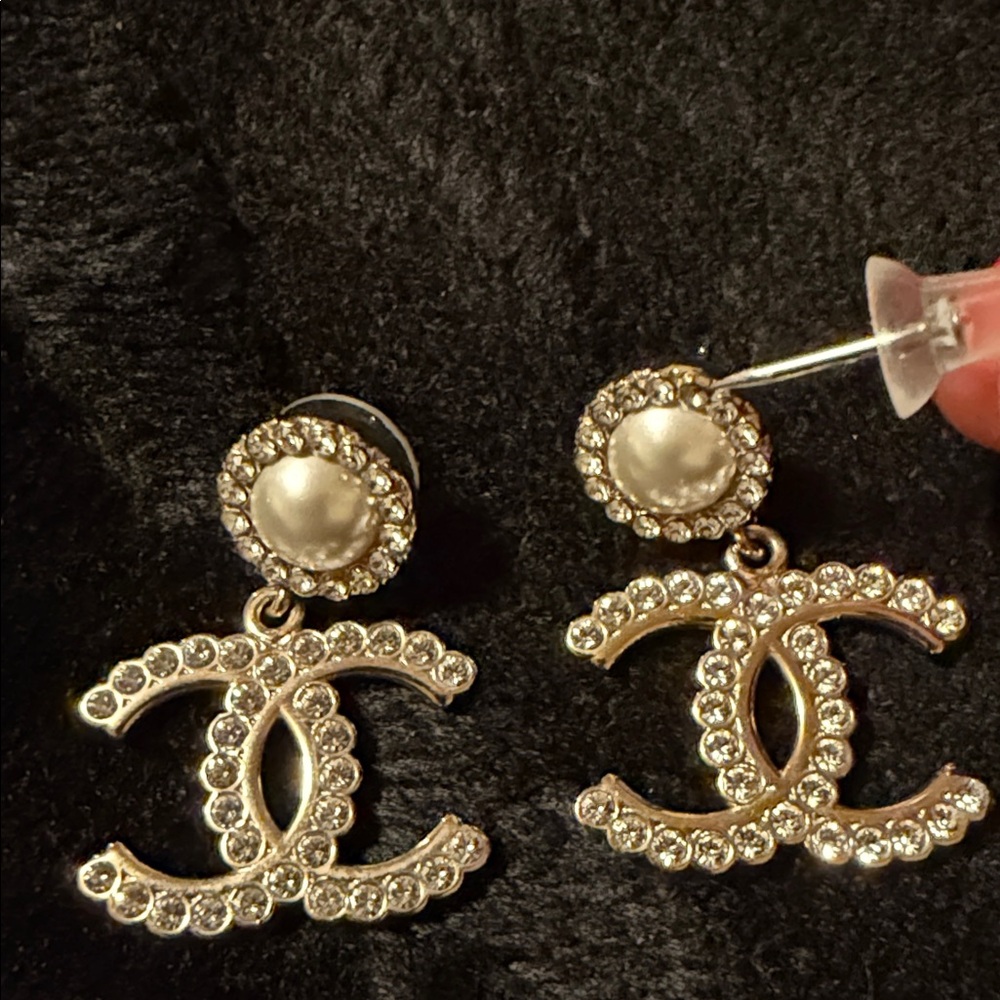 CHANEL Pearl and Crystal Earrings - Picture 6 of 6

...

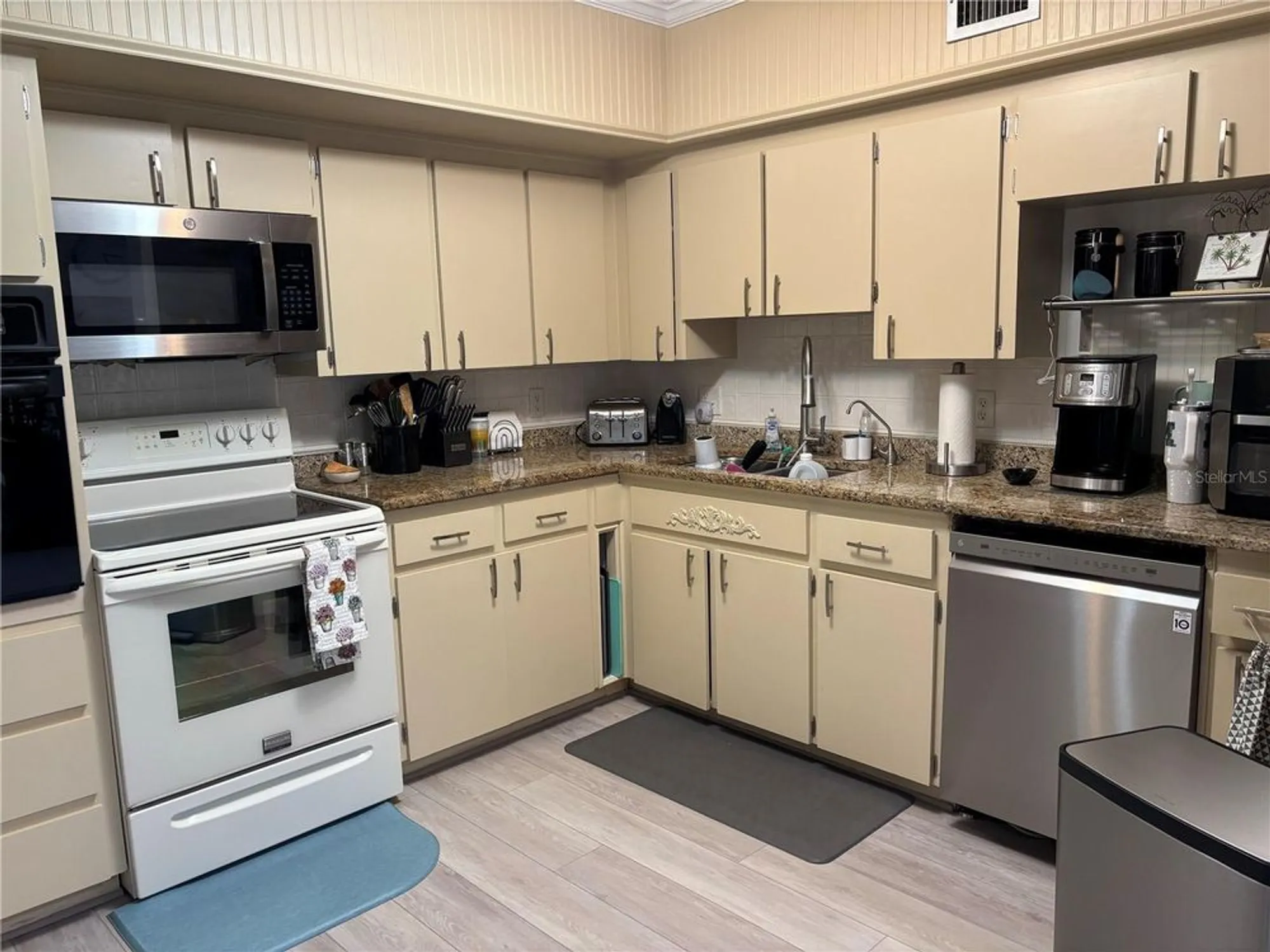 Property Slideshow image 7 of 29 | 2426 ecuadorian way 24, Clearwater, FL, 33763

==

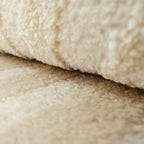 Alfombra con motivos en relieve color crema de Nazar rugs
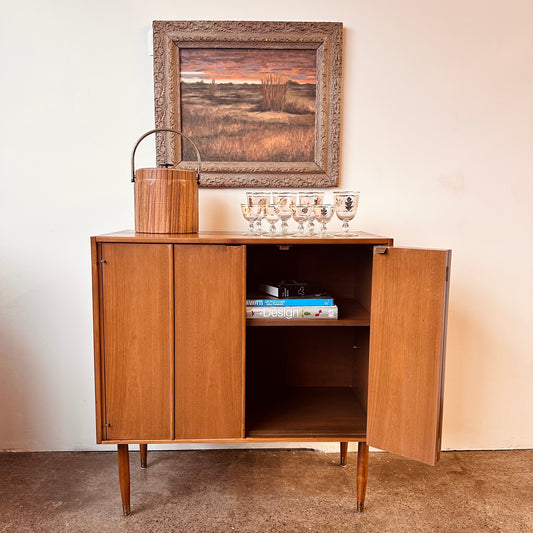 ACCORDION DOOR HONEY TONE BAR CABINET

Your assignment: Using the entries above, transcribe every line from the line containing "Alfombra con motivos" through the line containing "ACCORDION DOOR HONEY TONE BAR CABINET". Do not copy pictures.

Expected output:
 Alfombra con motivos en relieve color crema de Nazar rugs
 ACCORDION DOOR HONEY TONE BAR CABINET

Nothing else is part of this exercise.